Problem description
Return every entry exactly, except for any pictures.

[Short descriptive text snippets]
-- Opening Marker --
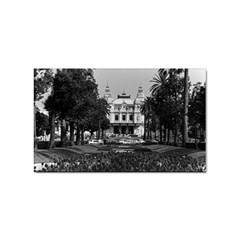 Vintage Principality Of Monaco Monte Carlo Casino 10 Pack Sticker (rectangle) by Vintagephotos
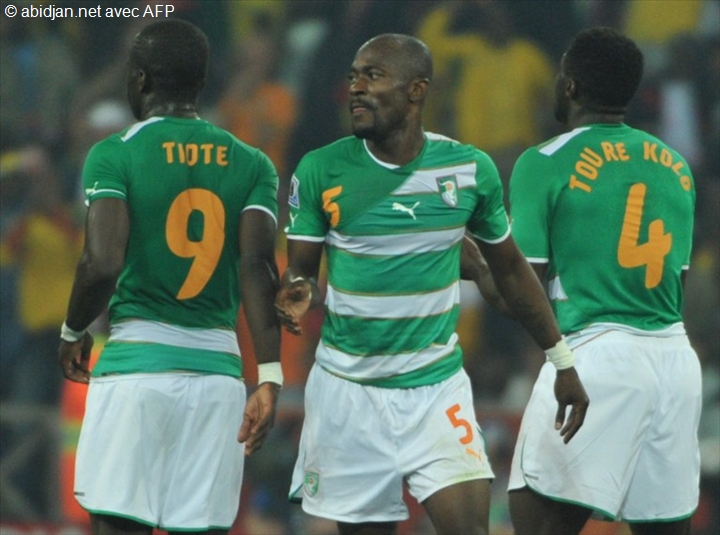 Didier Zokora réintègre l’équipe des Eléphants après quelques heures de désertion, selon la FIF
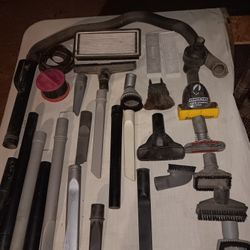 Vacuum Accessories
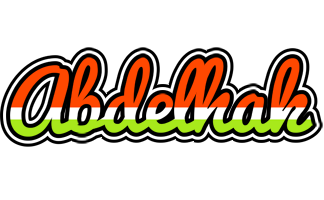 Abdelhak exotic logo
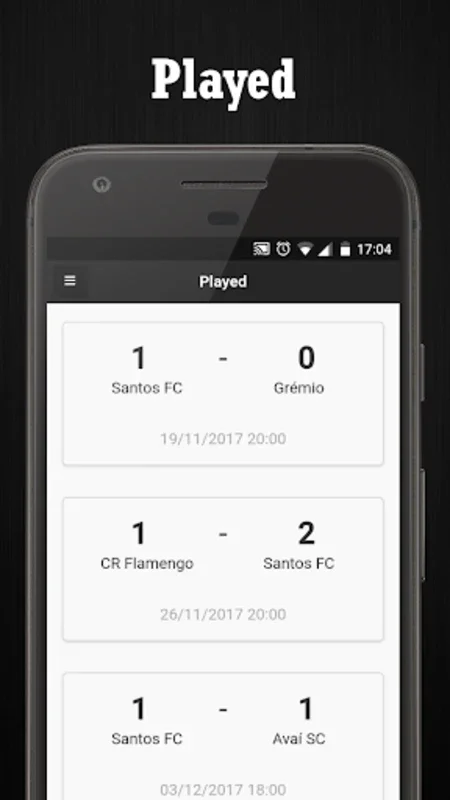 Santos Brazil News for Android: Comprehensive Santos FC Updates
-- Closing Marker --
Answer space
 Vintage Principality Of Monaco Monte Carlo Casino 10 Pack Sticker (rectangle) by Vintagephotos
 Didier Zokora réintègre l’équipe des Eléphants après quelques heures de désertion, selon la FIF
 Vacuum Accessories
 Abdelhak exotic logo
 Santos Brazil News for Android: Comprehensive Santos FC Updates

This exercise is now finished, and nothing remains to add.